■ EXERCISE INSTRUCTIONS: The full set of entries has to be output exactly.

■ EXTRACTED MATERIAL:
-=-=-
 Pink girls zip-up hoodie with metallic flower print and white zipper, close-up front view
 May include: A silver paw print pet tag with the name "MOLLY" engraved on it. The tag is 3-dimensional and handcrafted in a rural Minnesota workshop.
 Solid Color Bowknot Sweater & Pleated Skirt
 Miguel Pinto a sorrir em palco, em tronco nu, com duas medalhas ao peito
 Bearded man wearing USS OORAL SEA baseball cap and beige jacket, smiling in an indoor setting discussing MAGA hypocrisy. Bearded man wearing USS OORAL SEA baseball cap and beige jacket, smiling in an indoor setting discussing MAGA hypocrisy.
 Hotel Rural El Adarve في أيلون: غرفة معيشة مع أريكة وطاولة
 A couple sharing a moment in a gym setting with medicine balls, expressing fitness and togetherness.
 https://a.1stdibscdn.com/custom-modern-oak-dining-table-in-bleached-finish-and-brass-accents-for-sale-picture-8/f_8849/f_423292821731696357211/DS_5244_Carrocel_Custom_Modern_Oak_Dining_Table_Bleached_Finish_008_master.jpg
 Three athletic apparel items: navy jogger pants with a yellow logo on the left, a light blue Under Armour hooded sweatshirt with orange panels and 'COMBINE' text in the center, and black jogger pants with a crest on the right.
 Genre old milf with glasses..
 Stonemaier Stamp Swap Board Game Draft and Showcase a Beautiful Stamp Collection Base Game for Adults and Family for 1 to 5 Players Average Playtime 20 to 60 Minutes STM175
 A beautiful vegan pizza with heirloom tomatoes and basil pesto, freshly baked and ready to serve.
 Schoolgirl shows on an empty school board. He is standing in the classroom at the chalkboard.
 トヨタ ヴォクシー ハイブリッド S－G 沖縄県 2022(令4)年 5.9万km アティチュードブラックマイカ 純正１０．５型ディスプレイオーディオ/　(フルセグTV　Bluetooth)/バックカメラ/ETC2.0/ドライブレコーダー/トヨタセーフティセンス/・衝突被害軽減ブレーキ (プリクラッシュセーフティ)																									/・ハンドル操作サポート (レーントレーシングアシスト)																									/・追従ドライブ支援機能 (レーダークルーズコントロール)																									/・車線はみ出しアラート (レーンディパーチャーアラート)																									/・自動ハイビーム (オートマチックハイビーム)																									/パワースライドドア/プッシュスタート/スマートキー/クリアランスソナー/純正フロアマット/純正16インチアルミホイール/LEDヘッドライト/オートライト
-=-=-
■ ANSWER BOX:
 Pink girls zip-up hoodie with metallic flower print and white zipper, close-up front view
 May include: A silver paw print pet tag with the name "MOLLY" engraved on it. The tag is 3-dimensional and handcrafted in a rural Minnesota workshop.
 Solid Color Bowknot Sweater & Pleated Skirt
 Miguel Pinto a sorrir em palco, em tronco nu, com duas medalhas ao peito
 Bearded man wearing USS OORAL SEA baseball cap and beige jacket, smiling in an indoor setting discussing MAGA hypocrisy. Bearded man wearing USS OORAL SEA baseball cap and beige jacket, smiling in an indoor setting discussing MAGA hypocrisy.
 Hotel Rural El Adarve في أيلون: غرفة معيشة مع أريكة وطاولة
 A couple sharing a moment in a gym setting with medicine balls, expressing fitness and togetherness.
 https://a.1stdibscdn.com/custom-modern-oak-dining-table-in-bleached-finish-and-brass-accents-for-sale-picture-8/f_8849/f_423292821731696357211/DS_5244_Carrocel_Custom_Modern_Oak_Dining_Table_Bleached_Finish_008_master.jpg
 Three athletic apparel items: navy jogger pants with a yellow logo on the left, a light blue Under Armour hooded sweatshirt with orange panels and 'COMBINE' text in the center, and black jogger pants with a crest on the right.
 Genre old milf with glasses..
 Stonemaier Stamp Swap Board Game Draft and Showcase a Beautiful Stamp Collection Base Game for Adults and Family for 1 to 5 Players Average Playtime 20 to 60 Minutes STM175
 A beautiful vegan pizza with heirloom tomatoes and basil pesto, freshly baked and ready to serve.
 Schoolgirl shows on an empty school board. He is standing in the classroom at the chalkboard.
 トヨタ ヴォクシー ハイブリッド S－G 沖縄県 2022(令4)年 5.9万km アティチュードブラックマイカ 純正１０．５型ディスプレイオーディオ/　(フルセグTV　Bluetooth)/バックカメラ/ETC2.0/ドライブレコーダー/トヨタセーフティセンス/・衝突被害軽減ブレーキ (プリクラッシュセーフティ)																									/・ハンドル操作サポート (レーントレーシングアシスト)																									/・追従ドライブ支援機能 (レーダークルーズコントロール)																									/・車線はみ出しアラート (レーンディパーチャーアラート)																									/・自動ハイビーム (オートマチックハイビーム)																									/パワースライドドア/プッシュスタート/スマートキー/クリアランスソナー/純正フロアマット/純正16インチアルミホイール/LEDヘッドライト/オートライト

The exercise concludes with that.